Data extract
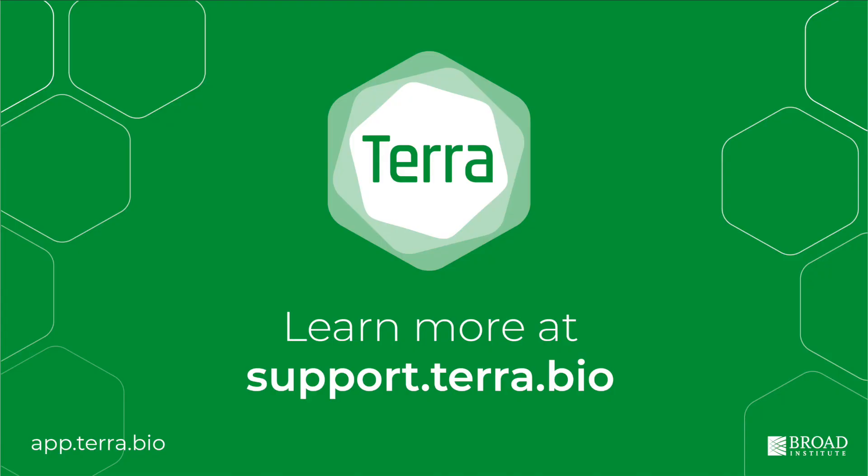Thanks for watching. You can find more help at support.terra.bio. We hope you enjoy your analysis on the cloud in Terra. Thank you.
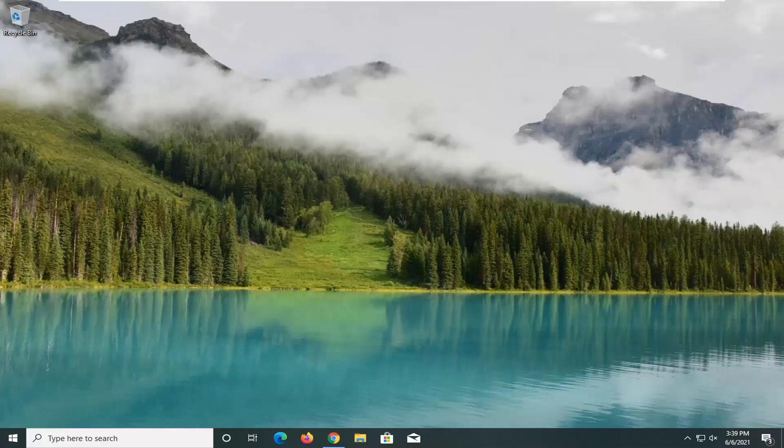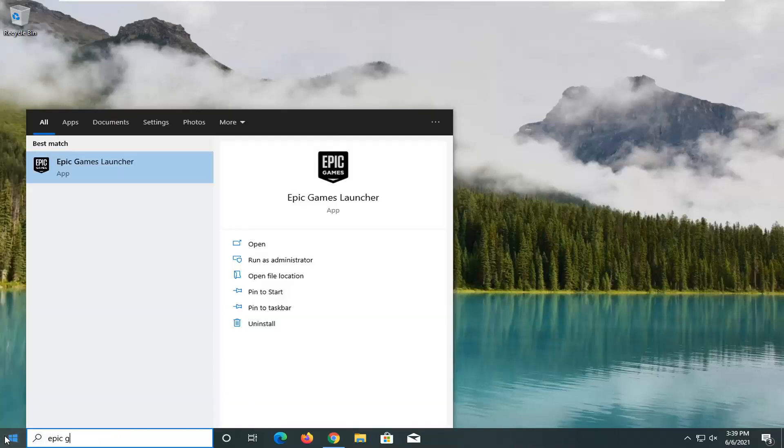We're going to start by opening up the start menu. Type in Epic Games. The best match should come back with Epic Games Launcher. Go ahead and open this up.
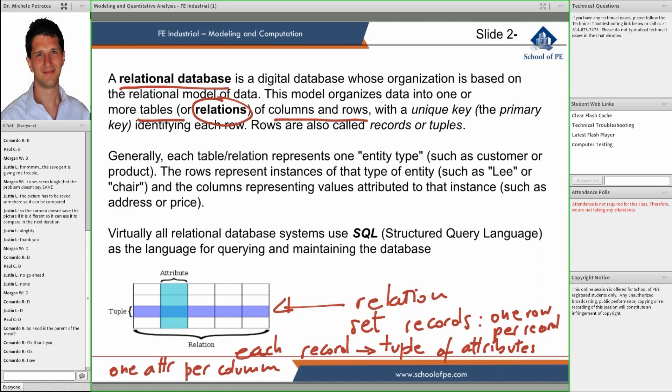So the attribute is a column, and all records have the same attributes — so all records have a value for the given attribute. We'll give some examples, but this is basically the structure of the relation.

Work request
For this exercise, copy each line of the data above exactly, from the first through the line containing "We're going to", and drop the pictures.

Expected answer
Thanks for watching. You can find more help at support.terra.bio. We hope you enjoy your analysis on the cloud in Terra. Thank you.
We're going to start by opening up the start menu. Type in Epic Games. The best match should come back with Epic Games Launcher. Go ahead and open this up.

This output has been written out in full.